Dante holds tight to Virgil, with his arms around Virgil's neck, and Virgil goes right up to Satan and takes hold of his flanks, which are covered with tufts of hair. From tuft to tuft he descends to the midpoint of Satan's body, and then manages to turn himself upside down and start climbing. They reach a cleft in the rock and there Virgil puts Dante down on the edge. Dante looks back, and there are Lucifer's legs upside down. Dante is utterly bewildered. Virgil explains that the midpoint of Satan's body is the center of gravity of the earth, and so at that point Virgil had to turn himself around and start climbing. Now they have a long climb to make through a hollow in the rock made by a river. It takes them a whole day; in the end, Dante says, "We came out from there to see again the stars" (line 139).
Analysis
No one else has ever shown Satan like this-not full of energy and wit and power, but trapped forever in the negation of life that results from turning against the source of life. Every detail of the description is full of meaning. The hardest part for a modern reader is the suffering of Brutus and Cassius, who betrayed Julius Caesar. Influenced by Shakespeare and by modern democratic ideals, we tend to see at least Brutus as a hero, but Dante saw him, not only as a man who treacherously turned on his friend and leader instead of opposing him openly, but as having betrayed, in Caesar, the man who was in effect the first ruler of the Roman Empire, which Dante believed was ordained by God to bring peace to the earth.
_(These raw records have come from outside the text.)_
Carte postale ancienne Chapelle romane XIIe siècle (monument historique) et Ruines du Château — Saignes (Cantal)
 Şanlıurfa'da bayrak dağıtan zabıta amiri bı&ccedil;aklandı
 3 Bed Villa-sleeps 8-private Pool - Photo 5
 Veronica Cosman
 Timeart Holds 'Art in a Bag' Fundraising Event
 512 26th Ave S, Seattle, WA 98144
The way Dante and Virgil get out of Hell has a much more universal meaning, one that seems brilliant, even to those who share none of Dante's beliefs. In a way it sums up the whole of the poem. The only sure way out of Hell is by seeing Hell for what it is. To escape from the negation of life represented by Satan, we must use Satan. And once we have finally and completely gotten over the idea that there is anything appealing about the kind of turning against life and love that Satan embodies, we also see how powerless, meaningless, even absurd that rejection is. The last view of Satan is of two hairy legs upside down in the darkness.
The last line of the Inferno, "We came out from there to see again the stars," beautiful as it is in itself, after the dark stench and paralysis of Hell, is even more full of meaning for Dante than it can be for us. The earth is the center of Dante's universe, and that means that it is the lowest point. Only here does sin have any power. Beyond the circle that the moon makes around the earth, all is order and beauty, and the stars are obviously and always moving in an ordered dance. The Purgatorio ends with the line, "Pure and prepared to leap up to the stars," and the Paradiso ends with the will of the pilgrim Dante completely one with "The love that moves the sun and the other stars."